Good crane operation and rigging practice is achieved by having a plan. Below are some “best practices” for accomplishing your goal:

  1. Operators must be determined by their company to be competent, and in some cases certified, to perform the lift.
  2. Rigging hardware that will be used must be inspected and free of deformation, cracks, excessive nicks, etc.
  3. Sling protection must be used on all types of slings. Use pads, guards and sleeves to protect against cutting and abrasion.
  4. Slings that will be used must be inspected and free of tears, cuts, nicks, abrasion, etc.
  5. Choose the right hardware and slings for the application based on the rating and working load limit (WLL).

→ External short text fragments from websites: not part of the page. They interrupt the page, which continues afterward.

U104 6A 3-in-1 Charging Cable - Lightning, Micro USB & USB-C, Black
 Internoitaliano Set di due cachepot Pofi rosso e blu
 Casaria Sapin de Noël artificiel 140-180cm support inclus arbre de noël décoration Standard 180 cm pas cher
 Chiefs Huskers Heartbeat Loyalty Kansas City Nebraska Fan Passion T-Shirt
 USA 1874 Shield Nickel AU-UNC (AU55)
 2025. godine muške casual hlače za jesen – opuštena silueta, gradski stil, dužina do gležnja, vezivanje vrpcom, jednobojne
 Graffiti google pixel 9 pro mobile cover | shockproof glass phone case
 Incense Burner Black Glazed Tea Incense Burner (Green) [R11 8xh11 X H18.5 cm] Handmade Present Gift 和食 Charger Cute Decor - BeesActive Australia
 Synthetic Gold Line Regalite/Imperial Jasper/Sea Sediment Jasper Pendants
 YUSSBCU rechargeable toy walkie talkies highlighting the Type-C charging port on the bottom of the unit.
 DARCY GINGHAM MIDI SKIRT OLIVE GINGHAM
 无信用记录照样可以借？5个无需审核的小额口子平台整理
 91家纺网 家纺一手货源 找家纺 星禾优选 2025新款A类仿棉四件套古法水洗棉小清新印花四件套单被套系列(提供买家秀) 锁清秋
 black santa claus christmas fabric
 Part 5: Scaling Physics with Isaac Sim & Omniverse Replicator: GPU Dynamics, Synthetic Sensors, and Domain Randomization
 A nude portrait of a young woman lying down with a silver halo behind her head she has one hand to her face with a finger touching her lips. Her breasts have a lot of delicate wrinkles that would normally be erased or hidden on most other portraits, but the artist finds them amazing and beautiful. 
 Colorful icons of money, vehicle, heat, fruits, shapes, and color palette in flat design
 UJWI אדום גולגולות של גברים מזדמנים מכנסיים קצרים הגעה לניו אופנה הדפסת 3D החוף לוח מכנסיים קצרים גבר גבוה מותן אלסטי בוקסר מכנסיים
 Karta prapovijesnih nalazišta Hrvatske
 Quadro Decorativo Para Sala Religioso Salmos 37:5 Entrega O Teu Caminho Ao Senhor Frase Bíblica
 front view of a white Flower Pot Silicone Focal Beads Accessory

  6. The total load weight needs to be known prior to the lift. Make sure to include below-the-hook devices (lifting beams, spreader bars, etc.).
  7. A rigger must decide the best hitch for the task at hand. The goal is to have proper support and connection to the load.
  8. The load must be structurally sound and free of obstructions in order to be lifted.
  9. The sling angle must be taken into account (60°, 45°, 30°). Always check your rigging chart.
  10. Center of Gravity (COG) must be determined and accounted for. Always do a test lift.
  11. Every item used to make a lift must have all the correct identification (manufacturer’s name, working load limit, serial number, etc.)
  12. Environmental conditions (extreme temperatures, wind, moisture, etc.) must be taken into account before lifting the load.
  13. Know your proximity to the load. Where are you standing when the load is suspended? Never stand under a load or in close proximity.